The case was tried without the intervention of a jury. There was no dispute as to the amount of damages sustained by plaintiff-appellant as the result of an accident causing injury to its motor and generator; but there was sharp issue between the parties upon the question of liability.
The policy issued by the appellee covered in express terms loss from an accident occurring while the generator “is in use or connected ready for use * *.” The policy contained an express exception from liability while the “object is undergoing an insulation breakdown, test, or is being repaired or dried out.” [Emphasis supplied.]
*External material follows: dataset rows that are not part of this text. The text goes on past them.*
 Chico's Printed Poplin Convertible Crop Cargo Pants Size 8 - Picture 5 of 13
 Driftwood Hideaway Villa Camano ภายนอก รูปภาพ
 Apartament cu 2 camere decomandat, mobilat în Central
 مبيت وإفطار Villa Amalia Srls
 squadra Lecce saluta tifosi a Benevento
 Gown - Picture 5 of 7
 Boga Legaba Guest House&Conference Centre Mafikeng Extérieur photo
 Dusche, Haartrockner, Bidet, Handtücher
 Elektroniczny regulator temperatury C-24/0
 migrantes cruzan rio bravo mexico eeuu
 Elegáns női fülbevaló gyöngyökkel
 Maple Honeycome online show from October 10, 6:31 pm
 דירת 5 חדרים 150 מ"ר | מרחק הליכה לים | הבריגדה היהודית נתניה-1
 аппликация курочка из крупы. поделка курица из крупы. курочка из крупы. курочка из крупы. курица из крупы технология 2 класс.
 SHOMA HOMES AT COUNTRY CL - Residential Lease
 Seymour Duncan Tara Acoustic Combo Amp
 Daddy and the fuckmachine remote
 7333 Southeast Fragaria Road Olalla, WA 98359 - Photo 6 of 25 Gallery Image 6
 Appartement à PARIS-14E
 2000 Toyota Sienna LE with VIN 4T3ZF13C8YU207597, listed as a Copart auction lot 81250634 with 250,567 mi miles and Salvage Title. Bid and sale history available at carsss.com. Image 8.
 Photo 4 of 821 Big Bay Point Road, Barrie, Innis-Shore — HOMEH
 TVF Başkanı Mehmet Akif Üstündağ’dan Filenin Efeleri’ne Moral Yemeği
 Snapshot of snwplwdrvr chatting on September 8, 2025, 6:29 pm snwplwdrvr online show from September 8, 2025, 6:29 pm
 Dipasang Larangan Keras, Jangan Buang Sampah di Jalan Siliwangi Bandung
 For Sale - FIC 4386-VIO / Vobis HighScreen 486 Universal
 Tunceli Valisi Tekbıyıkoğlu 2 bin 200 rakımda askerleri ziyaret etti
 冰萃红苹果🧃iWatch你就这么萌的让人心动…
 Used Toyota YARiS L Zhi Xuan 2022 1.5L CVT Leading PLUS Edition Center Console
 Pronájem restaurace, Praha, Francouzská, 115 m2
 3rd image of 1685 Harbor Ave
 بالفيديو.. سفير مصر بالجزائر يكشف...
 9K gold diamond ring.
In a carefully prepared memorandum opinion, embracing findings and conclusions and a detailed description of the machinery and the use to which it was being put when the accident occurred, the District Judge found, in summation, that the generator had been “purchased and installed for the sole purposes of (1) generating and (2) transmitting direct current for use in manufacturing manganese metal, and it was not in use or connected ready for use at the time of the accident which caused the damage that is the subject of this suit.” He concluded, moreover, that the generator was being “repaired” at the time of the accident and that the aforementioned exclusion provision of the policy therefore precluded recovery for the loss.
For the reasons stated by the trial judge, Honorable Robert L. Taylor, in his *453well-reasoned opinion [reported in E.D. Tenn., 173 F.Supp. 925], the judgment of the district court is affirmed.